Julia differs from Winston in the way that they think as well as when they were born and
what their views are on the Party. Julia is perceptive whereas Winston is intellectual. When Julia
notices things she just sees it happening and does not think anything more of it. However, when
Winston notices things he takes the time to comprehend what they mean and what they

symbolize to him and to everyone else in this society. I believe that this relates to how Julia
cannot see the big picture but Winston can. Winston can see that the Party is trying to gain
complete control and power over Oceania. He knows that they are doing this by eliminating
independent thought and by making everyone completely loyal to the Party. Julia on the other
hand does not think about all of this as much as Winston does. As I stated before, she decides to
be loyal to the Party but go behind their back and break some of the rules. She does not let them
control her life and therefore she differs from Winston in this way.
As stated before, Julia differs from Winston in the time in which they were born, what
their views are on the Party, and how they think. Because 1984 tracks so closely to Winstons
thoughts and not Julias, we see Oceania as a formidable and hopeless society. If the novel
tracked closer to Julias point of view and not Winstons we may not have this dark view on
Oceanian Society. Winston knows that the sole purpose of the Party is to have complete control
over Oceania. He knows this because he read it in The Book, which was written to explain the
Partys main purposes. The way that Winston describes the Partys goals makes the audience
look critically upon the Party. The hallway smelt of boiled cabbage and old rag mats (Orwell,
1). This is how Winston thinks of the Victory Mansions. This is described on page one of the
novel, so this gives the audience a mysterious view of Oceanian Society from the minute they
start reading the novel. If Julia were to have described this, I think she would have described it in
a way that did not make it seem as awful as Winston did. I believe that instead of doing what
Winston did and describe the bad things, Julia would have described the building in a more
positive way. She might have described how the people acted in the building and how the
building brings the people of Oceania together. We would also have a different view on
Oceanian Society if Winston did not observe what the people of Oceania do so closely. When he

is in the cafeteria, he watches how everyone talks and what everyone does. I feel as though Julia
worries about herself and she does not care about what everyone else does. If we were told the
book from her point of view, we may not look down on Oceanian Society.

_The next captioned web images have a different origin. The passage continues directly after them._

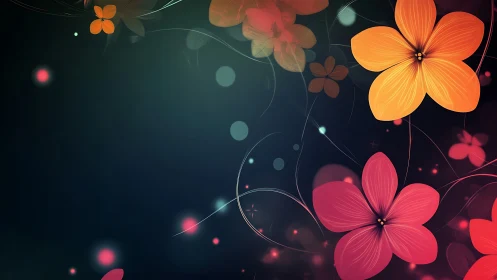 Digital floral composition with stylized flowers and bokeh elements.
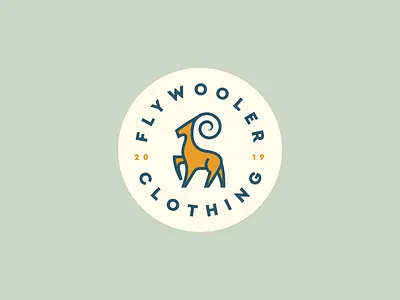 flywooler animal badge branding clever elegant fashion flat ibex icon illustraion logo mark minimal sheep wild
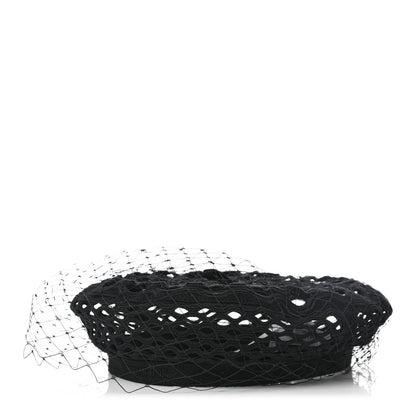 Christian Dior Mesh Arty Veil Beret 58 Black 1 of 9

In conclusion, if 1984 tracked closer to Julias thoughts and not Winstons, I believe
that we would have a different outlook on Oceanian Society. Winston describes Oceania as a
grim and hopeless society and therefore the audience looks down on it. Julia is different from
Winston in the time period that they were born, how they view the Party, and how they think. I
believe that if we were told the novel closer to her point of view we would have a more pleasant
and hopeful view on Oceanian Society.